Speaking as the EU’s newest member, Croatia — a staunch advocate of enlargement in the region — takes over the EU Council presidency for the first time, von der Leyen said she would propose changes soon, and stressed that Brussels must deliver on its promises to the two candidate countries.
“We will be working on the methodology and put forward for the enlargement process the proposal for the methodology early this year just to reflect how we can improve the accession process,” said von der Leyen.
“But I am deeply convinced that this should not keep us from taking on the accession talks with North Macedonia and Albania. We asked them to do a lot, they fulfilled the criteria, so now we do have to deliver and to keep our promises.”

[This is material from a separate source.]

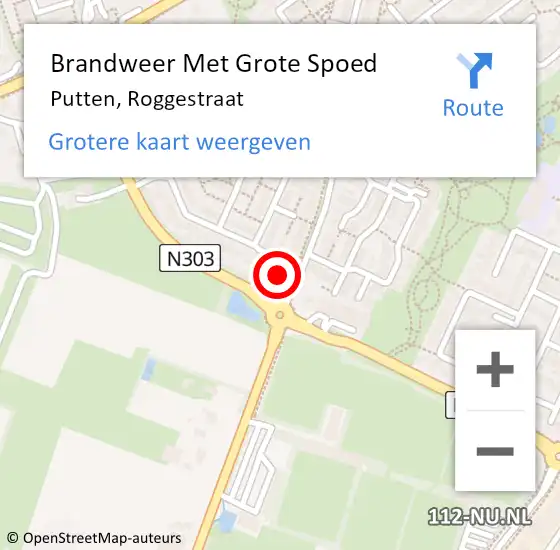 Locatie op kaart van de 112 melding: Brandweer Met Grote Spoed Naar Putten, Roggestraat op 28 januari 2022 12:37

“[T]he next months will of course be particularly crucial for our relationship with the Balkans … We know that we can count on Croatia and that we have a very strong supporter on our side!” she added.
The new President of the European Council Charles Michel said on January 9 that both he and Croatian Prime Minister Andrej Plenkovic would be "together very committed to develop a stronger political preparation in order to be able to make the clarity and to give, I hope, a clear signal. It means [that I hope] it will be possible to make progress on the modernisation of the enlargement process and to see how is it possible to give the clarity for the different countries."
Plenkovic met Macron on January 7, saying that the meeting had been “extremely useful”, a Croatian government statement said.
Commenting on the enlargement process, Plenkovic said that he and Macron had discussed a change of methodology.
“The European Commission is expected to propose changes to the accession process already this month and release an additional report on North Macedonia and Albania in February,” said the government statement.
"We want such an atmosphere to be created before the Zagreb summit that the countries that had reservations could agree to continuing the enlargement process. That was the gist of our discussion on this topic," Plenkovic said.
A report by think-tank the European Council on Foreign Relations (ECFR) warns of the importance of the prospect of EU membership in encouraging countries from the Western Balkans — divided by war in the 1990s — to settle their differences.
This was highlighted in recent weeks by the dispute between Serbia and Montenegro — the two frontrunners in the accession process — over the controversial new church law adopted in Montenegro. The law led to mass protests and punch-ups in both countries’ parliaments.
“Should the EU’s influence wane, nationalist leaders will exacerbate tensions with neighbouring countries. The future of North Macedonia’s Prespa Agreement with Greece is under threat, and the Serbian Orthodox Church in Kosovo and Montenegro could also prove a potential flashpoint,” said Beata Huszka, a visiting fellow at the ECFR, in a policy brief.